Project Summary/Abstract. PACE (the Program of All-Inclusive Care for the Elderly) is a well-known and
respected financing and care delivery model for a very challenging population: Medicaid-covered adults over
age 55 needing a nursing home level of care, 90% of whom are also covered by Medicare. PACE participants
are generally dependent in at least 2 activities of daily living (ADLs) or need constant supervision due to
cognitive disability. To be eligible for PACE enrollment, participants must be able to live safely in the
community with PACE services. The heart of the PACE model lies in its comprehensive service array, starting
with a participant-centered care plan constructed in partnership with a multidisciplinary care team and
anchored in a PACE Day Center that regularly offers medical care, personal care, therapies, meals,
socialization, transportation, and activities.
During the COVID-19 pandemic, PACE programs have used their flexibility as a community-based provider of
medical and long-term services and supports (LTSS) to redesign service delivery and keep frail elders as safe
as possible in the community. Preliminary reports to the National PACE Association (NPA) indicate that most
programs quickly expanded telehealth and moved many services to the home. Anecdotal accounts indicate
that some programs have implemented remarkable adaptations: e.g., providing overnight care (not typically
allowed in PACE), renting hotel rooms for infected participants, making part of the PACE Center an isolation
area, redefining staff roles and providing training in those new roles, and providing post-hospital therapies in
the PACE Center to avoid sending frail elders to post-acute stays in nursing homes, which have had high rates
of COVID-19 infection. However, to this point, researchers have not systematically investigated, compiled, and
evaluated the responses of PACE programs.
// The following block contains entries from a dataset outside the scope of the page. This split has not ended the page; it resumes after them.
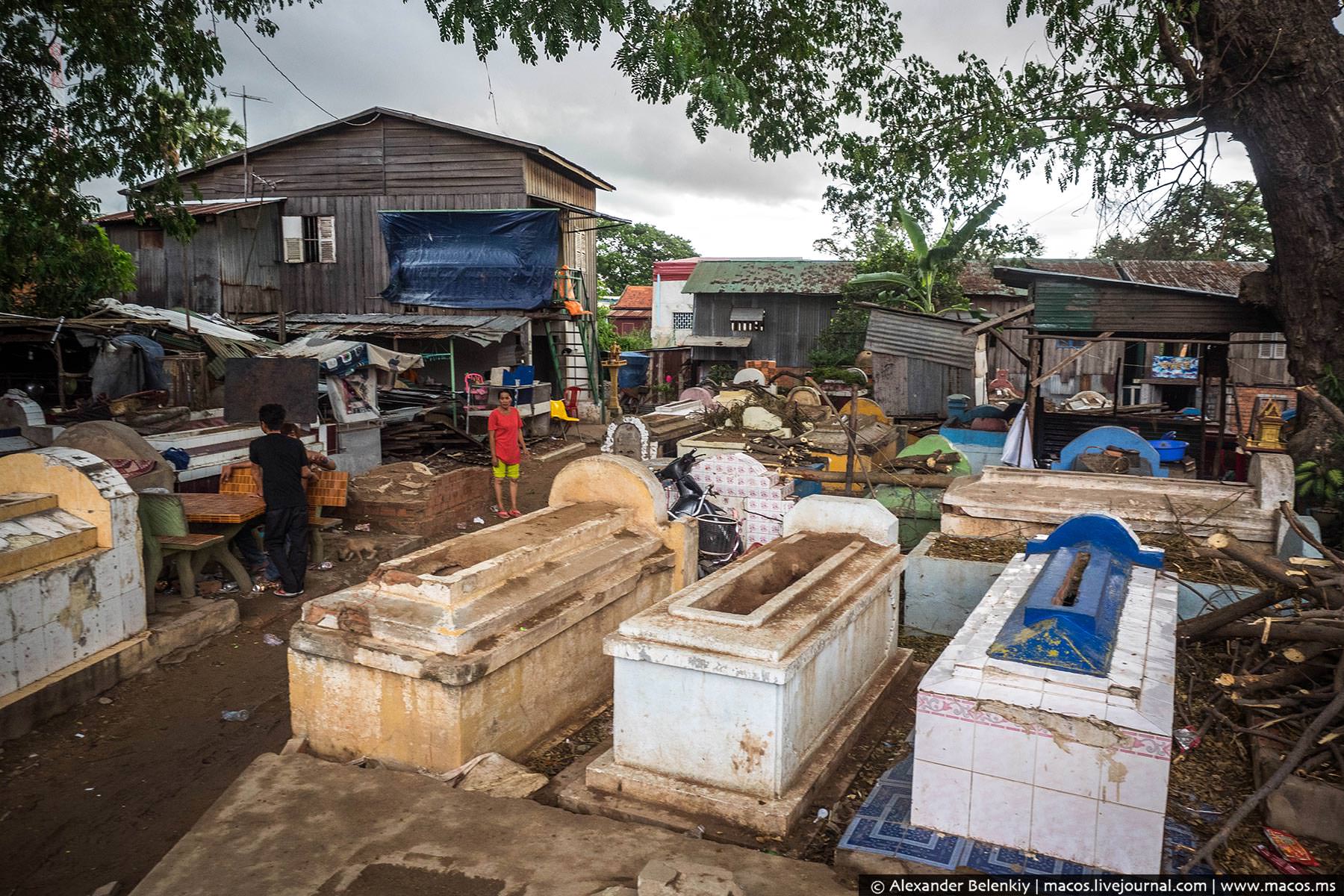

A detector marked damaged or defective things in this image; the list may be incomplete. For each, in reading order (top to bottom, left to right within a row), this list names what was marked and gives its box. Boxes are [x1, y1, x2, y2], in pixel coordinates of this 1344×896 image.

rusty metal roof [96, 197, 283, 224]
rusty metal roof [682, 261, 860, 295]
rusty metal roof [1113, 259, 1257, 294]
rusty metal roof [242, 314, 524, 346]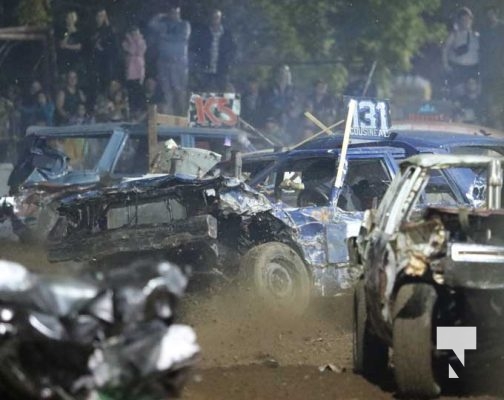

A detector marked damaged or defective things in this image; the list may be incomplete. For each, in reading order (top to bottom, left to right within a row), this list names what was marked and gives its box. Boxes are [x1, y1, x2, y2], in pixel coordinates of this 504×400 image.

wrecked car [0, 258, 199, 398]
wrecked car [0, 122, 256, 242]
wrecked car [352, 152, 504, 396]
rusty car body [352, 153, 504, 396]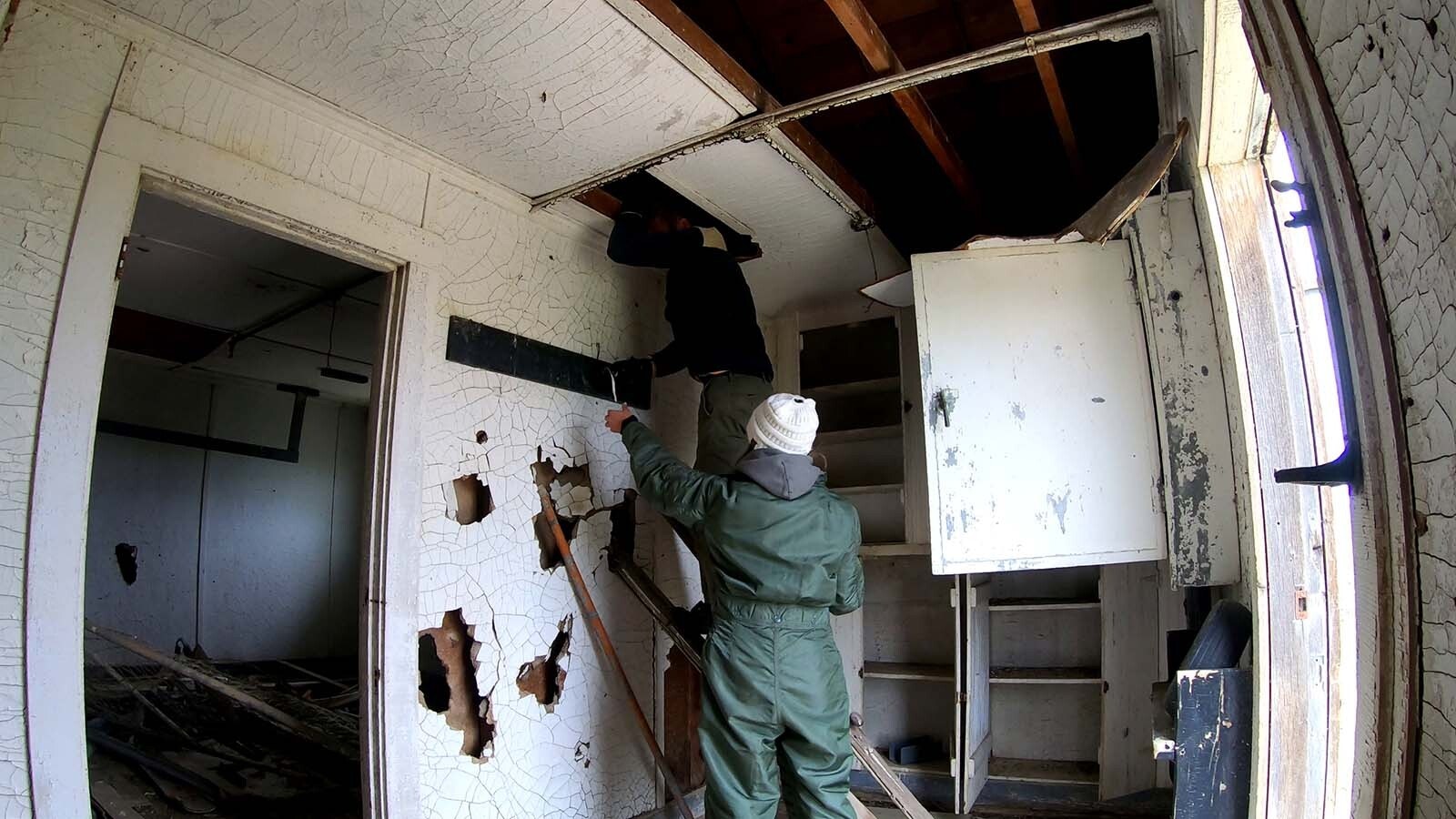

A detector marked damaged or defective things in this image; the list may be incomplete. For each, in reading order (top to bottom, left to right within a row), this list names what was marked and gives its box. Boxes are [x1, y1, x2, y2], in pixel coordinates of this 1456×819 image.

damaged drywall [415, 612, 495, 757]
damaged drywall [517, 615, 575, 710]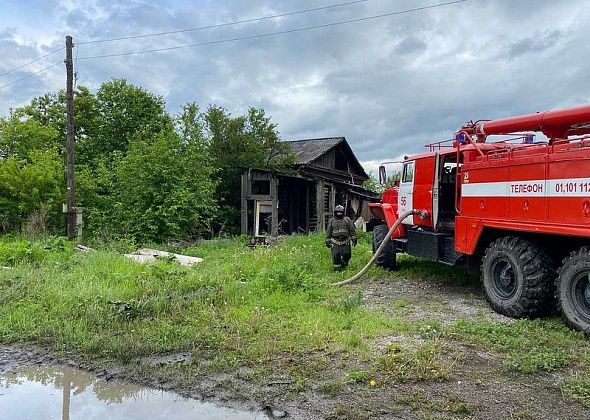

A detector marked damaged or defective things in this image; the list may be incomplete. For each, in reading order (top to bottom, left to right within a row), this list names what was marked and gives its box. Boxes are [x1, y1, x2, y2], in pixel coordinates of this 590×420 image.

burned wooden house [242, 137, 376, 236]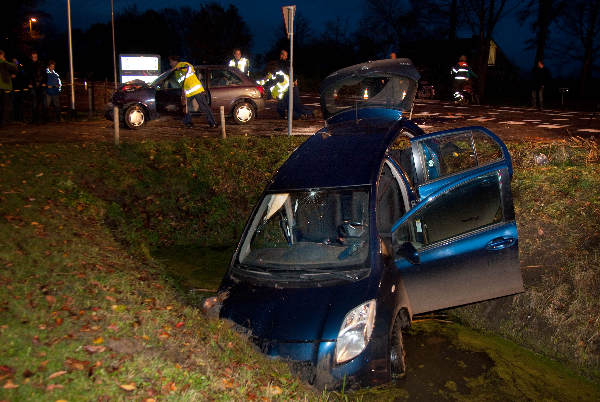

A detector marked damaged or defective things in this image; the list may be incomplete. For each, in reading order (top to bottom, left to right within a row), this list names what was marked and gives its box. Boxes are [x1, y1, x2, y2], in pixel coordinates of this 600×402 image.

cracked windshield [239, 188, 370, 270]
Our project will provide authoritative information for each of three six-month phases of the COVID-19
experience, identify emerging best practices, and compare PACE performance to traditional Medicare
services, adding to the knowledge base of innovative responses used during the COVID-19 pandemic to guide
ongoing policy and practice. We will build on an existing NPA database, supplementing it with an online survey
of PACE programs. We will identify responses that PACE programs report as being substantially beneficial,
and those that have not been effective, for the following: PACE participants, their families, the availability and
quality of eldercare services in the geographic community, the healthcare workforce, and PACE program
finances. We will compare the utilization and quality outcomes of PACE participants and comparable Medicare
fee-for-service beneficiaries. We will dig deeper into promising adaptations through structured interviews. We
will estimate the potential effects of broad spread of better practices, and we will continuously feed our insights
into the research, clinical practice, and policy worlds to engender improvements in eldercare arrangements.